▶ _Your goal_
Leaving every picture out, repeat all of the entries below exactly.

---

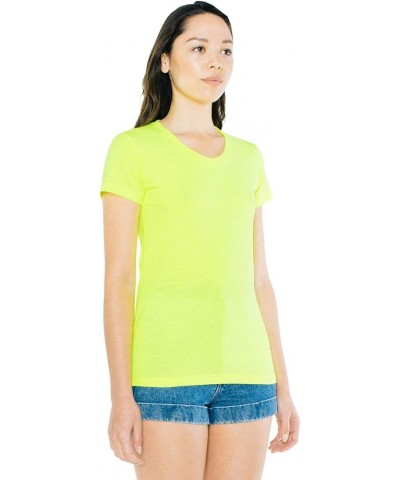 Women's 50/50 Classic Crewneck Short Sleeve T-Shirt Neon Heather Yellow $5.80 T-Shirts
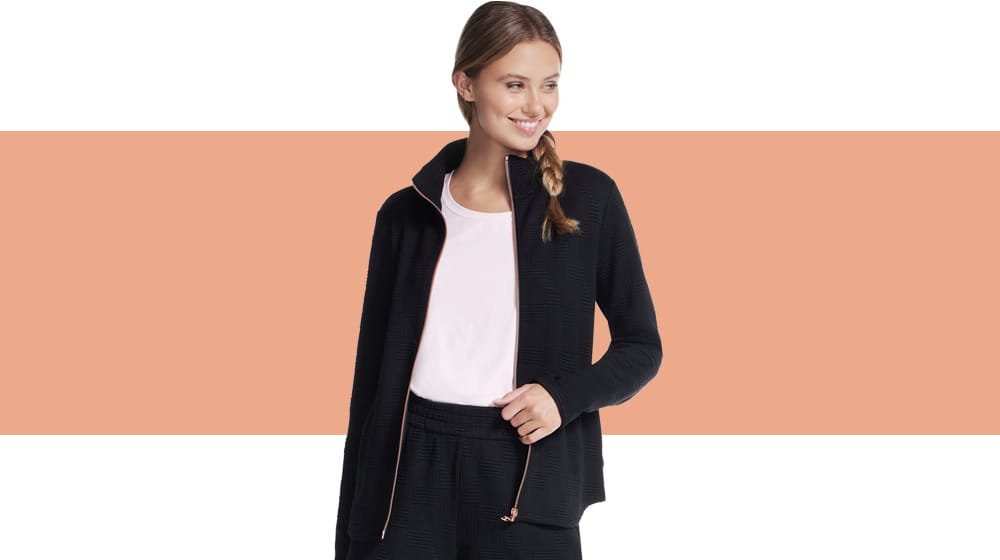 Featured style:  women's black Skecerhs zip jacket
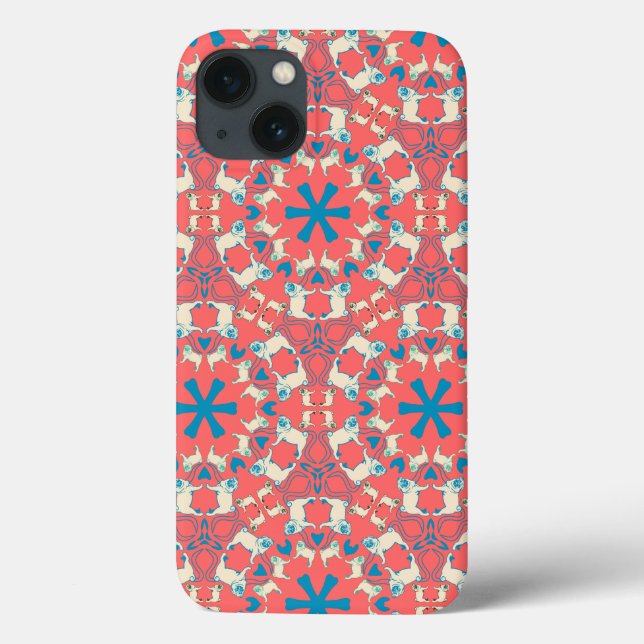 Mops Muster auf corall (Baksida)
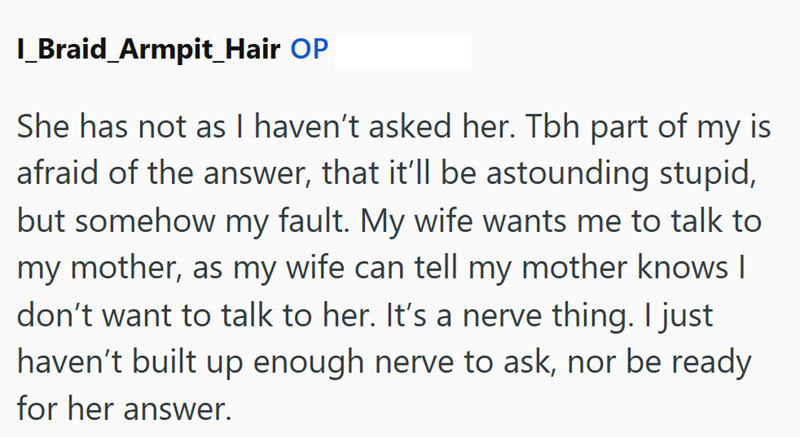 I_Braid_Armpit_Hair OP She has not as I haven't asked her. Tbh part of my is afraid of the answer, that it'll be astounding stupid, but somehow my fault. My wife wants me to talk to my mother, as my wife can tell my mother knows I don't want to talk to her. It's a nerve thing. I just haven't built up enough nerve to ask, nor be ready for her answer.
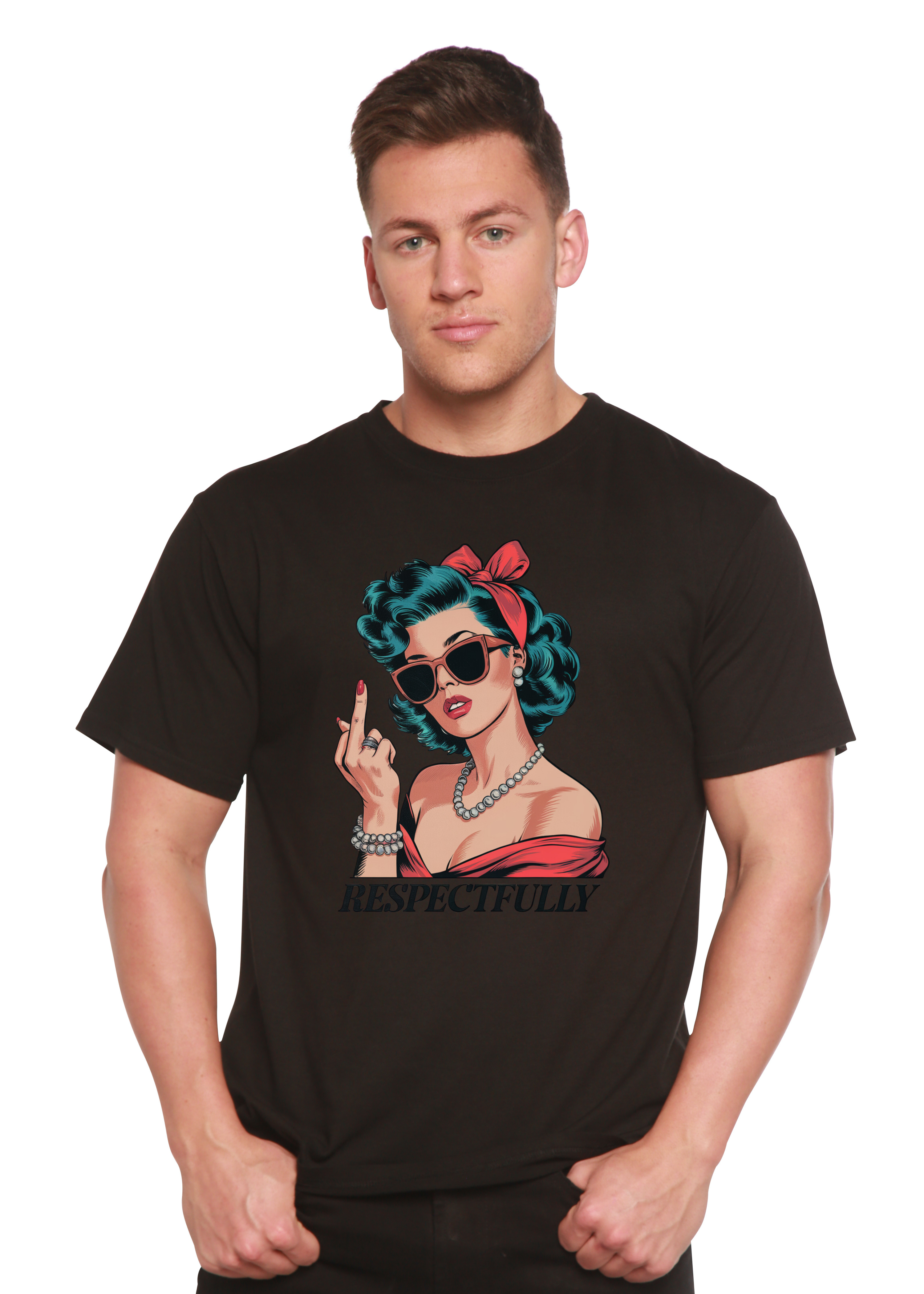 Respectfully Middle Finger Unisex Bamboo/Cotton Graphic T-Shirt - The7Letter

---

▶ _Answer area_
 Women's 50/50 Classic Crewneck Short Sleeve T-Shirt Neon Heather Yellow $5.80 T-Shirts
 Featured style:  women's black Skecerhs zip jacket
 Mops Muster auf corall (Baksida)
 I_Braid_Armpit_Hair OP She has not as I haven't asked her. Tbh part of my is afraid of the answer, that it'll be astounding stupid, but somehow my fault. My wife wants me to talk to my mother, as my wife can tell my mother knows I don't want to talk to her. It's a nerve thing. I just haven't built up enough nerve to ask, nor be ready for her answer.
 Respectfully Middle Finger Unisex Bamboo/Cotton Graphic T-Shirt - The7Letter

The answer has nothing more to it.